There are more than 3.04 million apps found on Google Play Store. With this project/article I will take you through a journey of analyzing various apps found on the play store with the help of different python libraries.

# ***Let's Begin !***

# **Import Libraries**

In [None]:
# Import Libraries
import numpy as np
import pandas as pd
import matplotlib.pyplot as plt
import seaborn as sns
%matplotlib inline

# **Dataset Loading**

In [None]:
# Load Dataset
googlestore_df = pd.read_csv('/content/Play Store Data.csv')

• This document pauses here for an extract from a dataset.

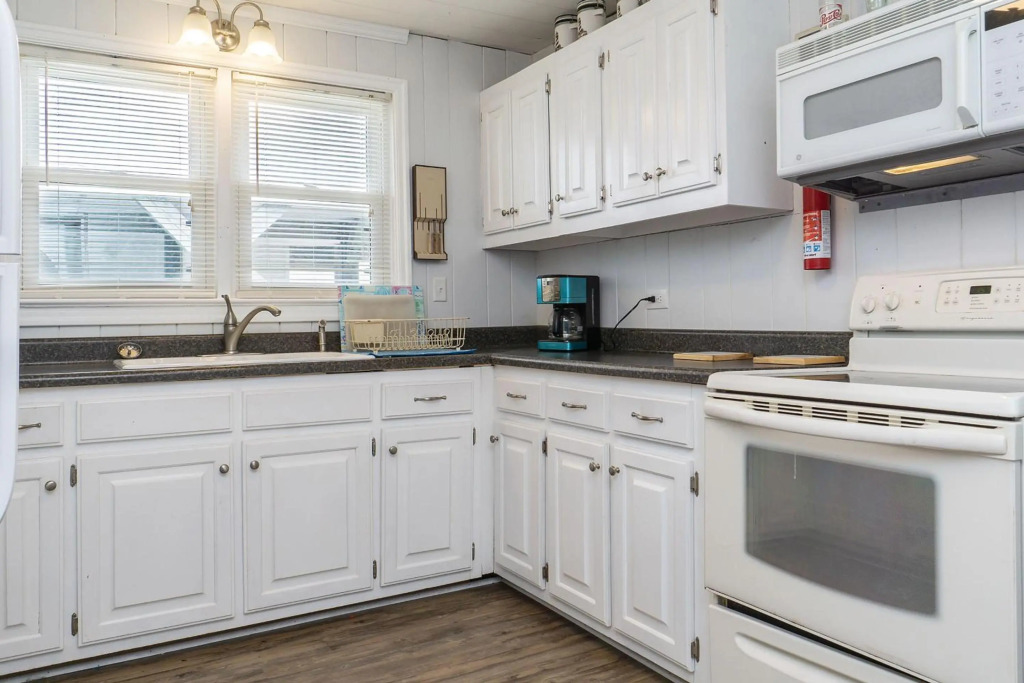 Jerseys Shore by Oak Island Accommodations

*After loading the dataset, we can start the exploration but before that, we need to check and see that the dataset is ready for performing several exploration operations or not, so let’s first have a look at the structure and the manner in which the data is organized.*

In [None]:
googlestore_df.head(10)


*To know if there is any missing value or Nan value in the dataset, we can use the isnull() function.*

In [None]:
googlestore_df.isnull().sum()

*So, we will need to prepare the dataset before performing exploratory data analysis on it.*

# **Data Preparation and Cleaning**

*Data preparation is the process of cleaning and transforming raw data prior to processing and analysis. It is an important step prior to processing and often involves reformatting data, making corrections to data, and the combining of data sets to enrich data. Data cleansing or data cleaning is the process of detecting and correcting (or removing) corrupt or inaccurate records from a recordset, table, or database and refers to identifying incomplete, incorrect, inaccurate, or irrelevant parts of the data and then replacing, modifying, or deleting the dirty or coarse data.*

*We saw that the dataset contains many Null or missing values. The column Rating, Type , Content Rating , Current Ver , andAndroid Ver contains 1474, 1, 1, 8, and 3 missing values respectively.*

*Will it not be better if we can define a function to get more useful information about the different attributes of the dataset, also there is one more valid point in defining a function which it will be reusable, and we are going to utilize our defined function several times in future.*

In [None]:
def printinfo():
    temp = pd.DataFrame(index=googlestore_df.columns)
    temp['data_type'] = googlestore_df.dtypes
    temp['null_count'] = googlestore_df.isnull().sum()
    temp['unique_count'] = googlestore_df.nunique()
    return temp

*Let’s call the function and see what it returns:*

In [None]:
printinfo()

*We have some useful information about the dataset. i.e., we can now see the missing number of values of any attribute, its unique count, and its respective data types.*

*Now we can start the process of data cleaning, lets start with the column*

Type :-

In [None]:
googlestore_df[googlestore_df.Type.isnull()]

*Since there is only one missing value in this column, So, let’s fill the missing value. After cross-checking in the play store the missing value is found to be Free, So now we can fill the missing value with free .*

In [None]:
googlestore_df['Type'].fillna("Free", inplace = True)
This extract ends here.